God’s grace and peace, (ggap)
Pastor Jerry Nuernberger

Monday, May 6, 2019

The Bungee Cord 5-6-19

“Take me out to the ball game Take me out with the crowd Buy me some peanuts and crackerjacks I don't care if I never get back Let me root, root, root For the home team If they don't win it's a shame Aahh. For it's one, Two, Three strikes you're out At the old ball game”

     No it’s not.  Well, maybe it is when it comes to baseball.  But it is not when it comes to Jesus.  When it comes to Jesus, it is not three strikes and you’re out, we see that this morning in our Gospel lesson.  (John 21:1-19)

     It was no accident that Jesus gathered his disciples, especially Peter, around a charcoal fire that day after he rose from the dead.  Remember back when Jesus had gathered the disciples for their last meal together, and Jesus said that one of them was going to betray him.  And when Jesus said that, Peter, full of self-confidence and devotion for Jesus said, that even if all the rest would betray him, he, Peter would not.   And when Peter said that, Jesus said to Peter…”yes…yes, you will….before the cock crows, you will deny me three times.”  So that very night, when Jesus was arrested, when he went before Herod and Pilate, when he was scourged, spit upon, mocked and given a crown of thorns…three times, Peter found himself near a charcoal fire, and when Peter was confronted, three times Peter said with much conviction as he could muster, “I don’t even know the man.”  Three times around a charcoal fire that he denied him saying, “I don’t even know the man.”

     Not exactly a home run that Peter hit.  Actually, he struck out.  Big time. When the game was on the line. When the one who Peter had believed was the long promised Messiah…the one who God had promised to send to rescue his people and bring them back to him…when everything was at stake….Peter denied Jesus three times.  He struck out.

     So, it was clearly no accident that Jesus walked over to Peter that day on the seashore as they all stood around that charcoal fire.  And it was no accident that Jesus asked Peter three times, “Do you love me?”  And it is no surprise that Peter felt hurt when Jesus asked him three times, “Do you love me?”  After all, when Peter had to choose between his love for Jesus and saving his own skin….he chose saving his own skin….three times.  “Peter, do you love me?”  It was a question to which Peter knew the answer….well, not as much as thought I did. “I guess, Jesus, I struck out.”

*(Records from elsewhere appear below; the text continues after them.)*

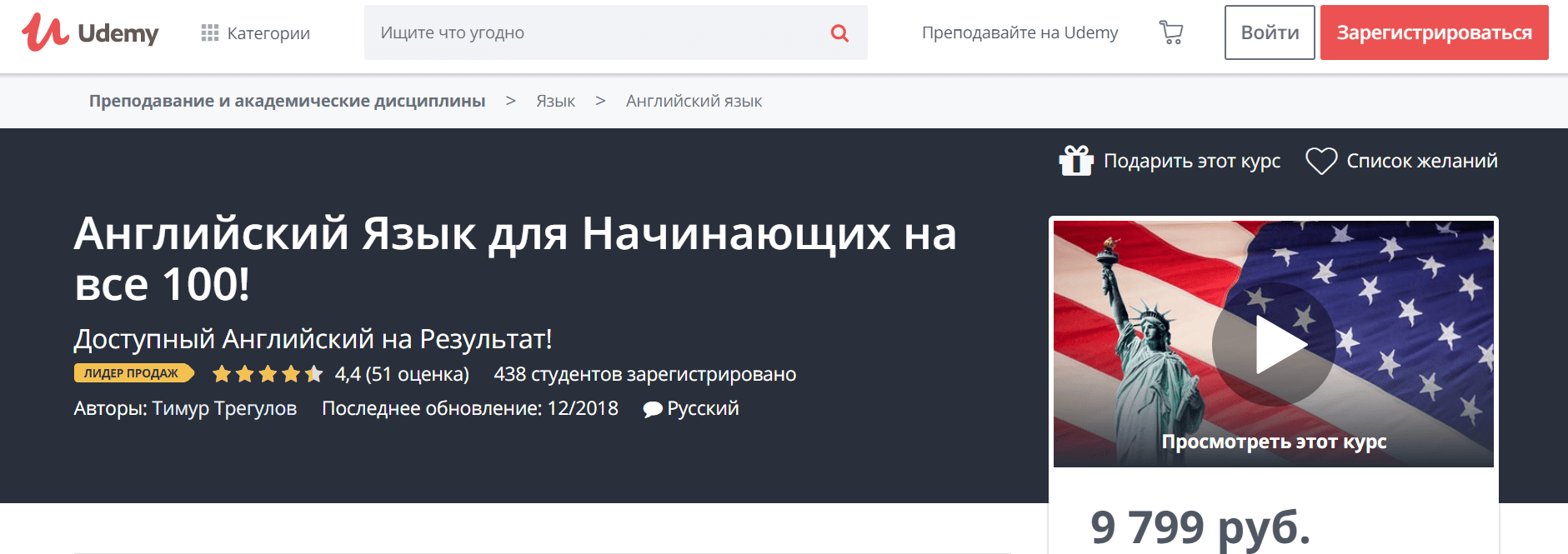 Курс английского для начинающих на все 100 на Udemy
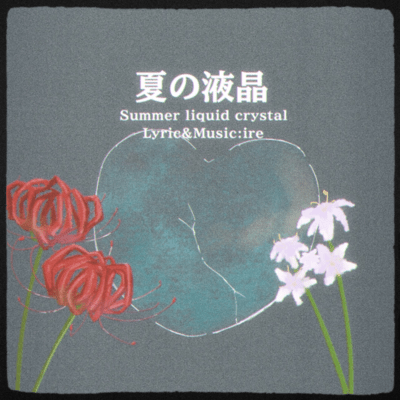 Summer liquid crystal Front Cover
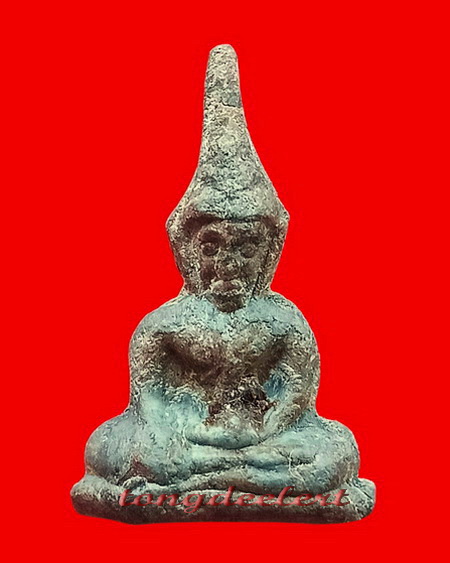 พระท่ากระดานพิมพ์เล็กหลังวงเดือน หลวงพ่อนารถ วัดศรีโลหะราษฎร์บำรุง จ.กาญจนบุรี หายาก สวยมากค่ะ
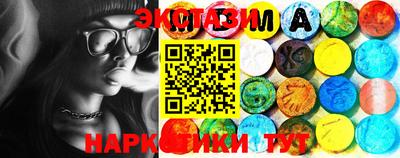 мескалин Коммунар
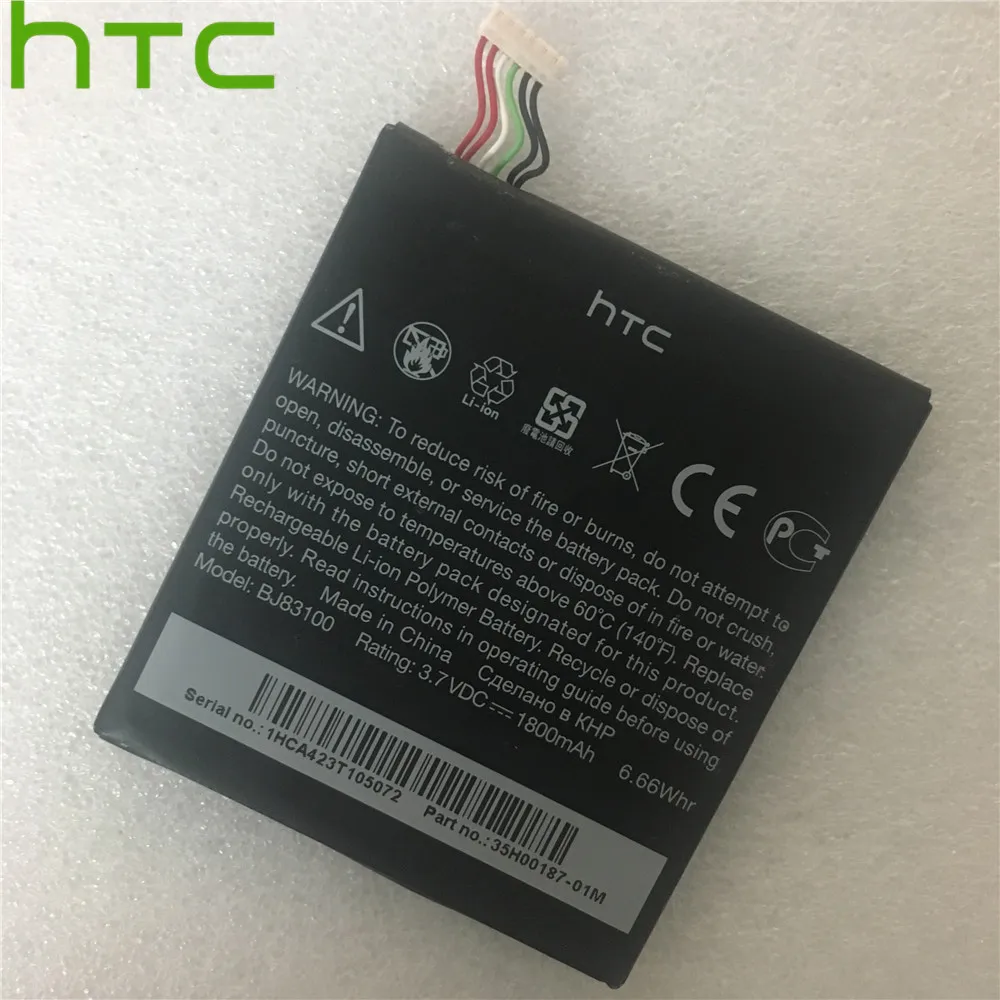 HTC оригинальный сменный литий полимерный аккумулятор BJ83100 для One X G23 S S720e Z520e Z520d S728e - Фото №1
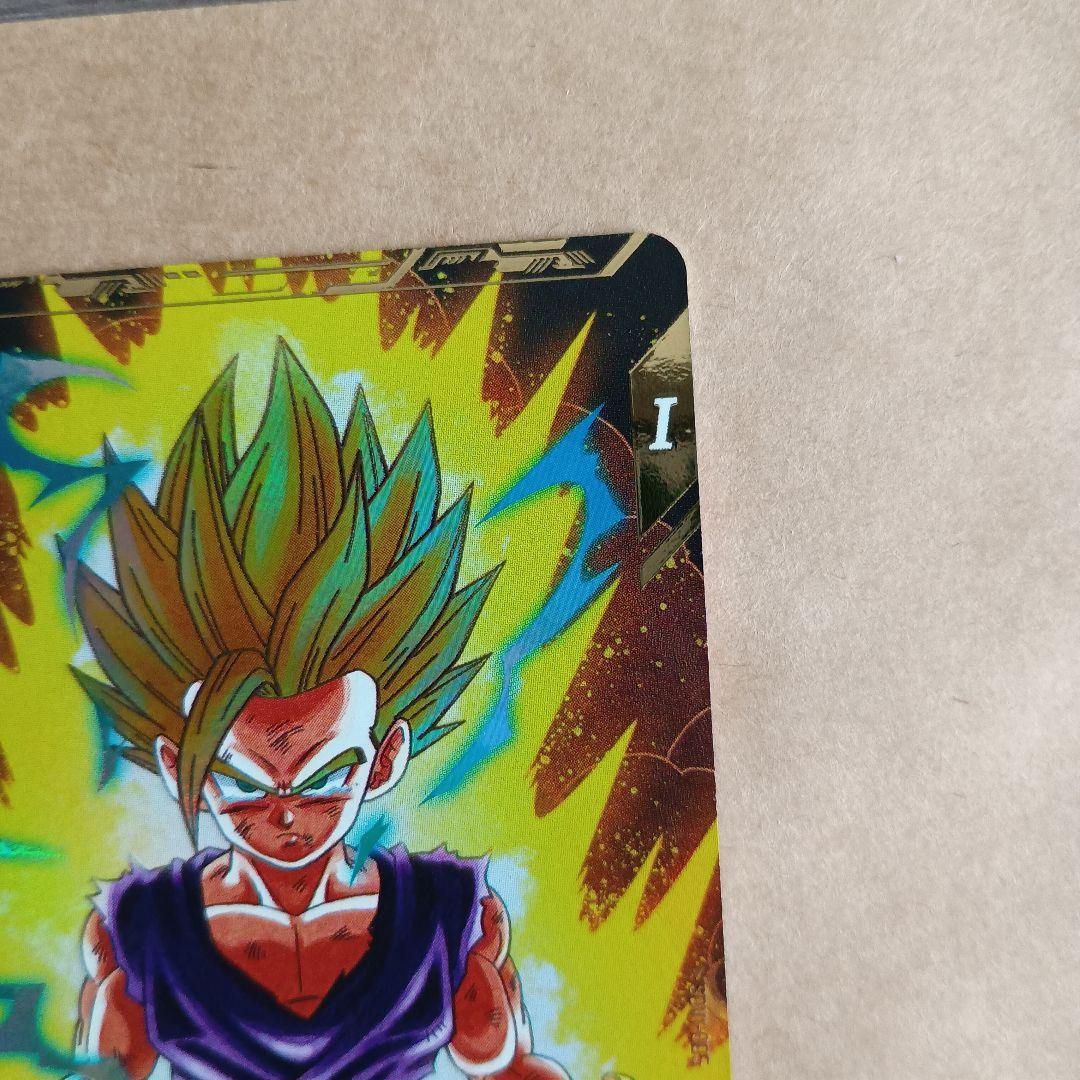 sdv1-005 孫悟飯少年期 パラレル GDR ドラゴンボールスーパー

     But notice what Jesus said to this strike-out king…to his clean up hitter who whiffed when the bases were loaded…he did not say, “Go find a place on the bench and sit there.  He didn’t say, “I am tired of looking at you.  Go hit the showers, go home, and don’t come back.”  He didn’t say, “You ruined it for us.  We’re trading you away…after all, you’re pretty good at doing the enemy’s work.”  He didn’t say, “You had your chance, and you blew it…three times and you’re out.  And don’t let the door hit you when you leave.”

     No, he didn’t say any of those things….things that we hear from others when we strike out on them.  What Jesus said was, “Follow me.”  You see, with Jesus, it is not three strikes and you’re out, its “follow me.”  Its pick your head up.  Its shake the dirt off of your shoes.  Grab your bat.  Step back up to that plate, and try again..  Follow me.”

     I don’t know what went through Peter’s mind  when he heard Jesus’ reply to Peter’s game ending whiff, but I know what would have gone through my mind.   I would have been thinking, “But Jesus, I just struck out.  I just let you down when you needed me the most.  I blew it for you and us.  What if I strike out again?”

     And what would Jesus reply to those fears and shame.  This is his reply to Peter and to you and me.  “Listen Peter, we’re already won this one.  When I walked out of that Easter tomb, I hit it out of the park…a home run….a walk off grand slam.  We won….and now….well, we’re just running up the score.  Every hit that we get and every run that we score….well, its just one more time that we get to rub the devil’s nose in it…to humiliate his defeat more and more….to turn up the agony of defeat that he feels.  It doesn’t matter how many times you strike out. I already won the game.  So, follow me…..follow me to the plate, and lets have some fun running up the score!”

Take me out to the ball game Take me out with the crowd Buy me some peanuts and crackerjacks I don't care if I never get back Let me root, root, root For the home team If they don't win it's a shame Aahh. For it's one, Two, Three strikes you're out At the old ball game.

No…no, it’s not.  Not with Jesus.  Amen.